Однако на сексе все не заканчивалось. Существовала всеобщая тенденция приписывать французам почти любое необычное или плохое поведение. На вопрос, как ему приготовить говядину, англичанин мог ответить «под француза», имея в виду ненадежность этой нации — то есть все время переворачивая и переворачивая. Доктор Джонсон уверял даже, что встречал некий труд, в котором предпринималась попытка доказать, что для формы флюгера — «сделанного руками человека петушка, который укрепляется на вершине шпиля и показывает своим вращением направление ветра» — выбран французский национальный символ[14].
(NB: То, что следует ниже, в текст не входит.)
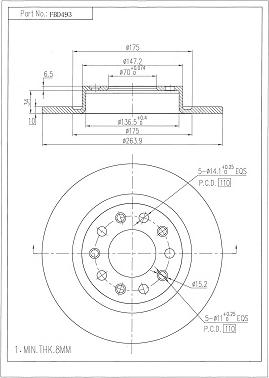 FI.BA FBD493 - Discofreno autozon.pro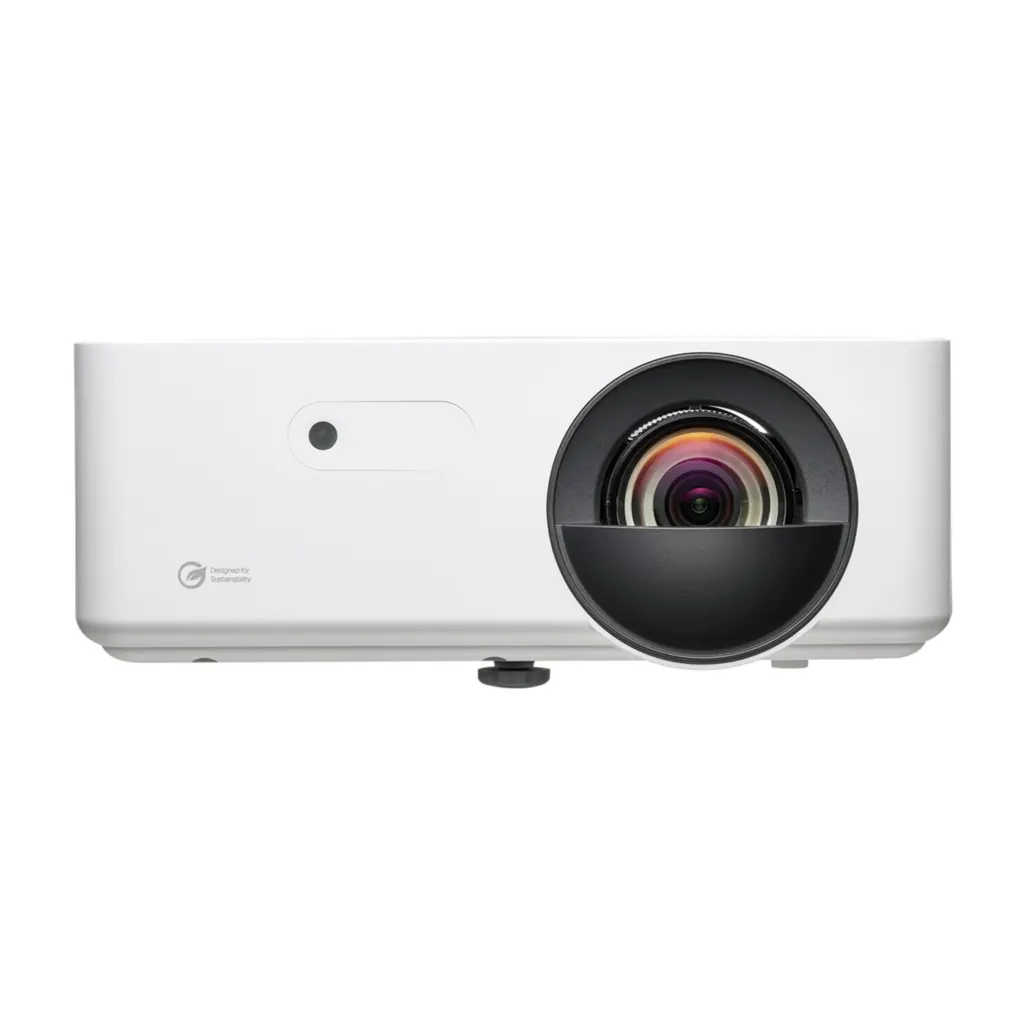 Optoma LW351ST budget short throw golf simulator projector - straight-on front view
«Французским вразнос» торговцы называли воровской жаргон. О подстрелившем фазана, когда охота на них была запрещена, говорили, что он «убил французского голубя». В крикете 1940-х годов «французским» называли бросок, при котором мяч хоть и срезался с ребра биты бэтсмена, но все же проскальзывал мимо пытающихся поймать его полевых игроков. Даже в 1950-х годах англичане, выругавшись, по-прежнему, извиняясь, просили «прощения за свой французский» (говорят, это выражение использовал премьер-министр Джон Мейджор даже в 1990-х), а отлучку без разрешения называют «уходом по-французски». Объятия с щекотанием миндалевидной железы — по-прежнему «французский поцелуй», словно ни одному англичанину никогда бы и в голову не пришло сунуть язык в рот другому, не придумай этого французы.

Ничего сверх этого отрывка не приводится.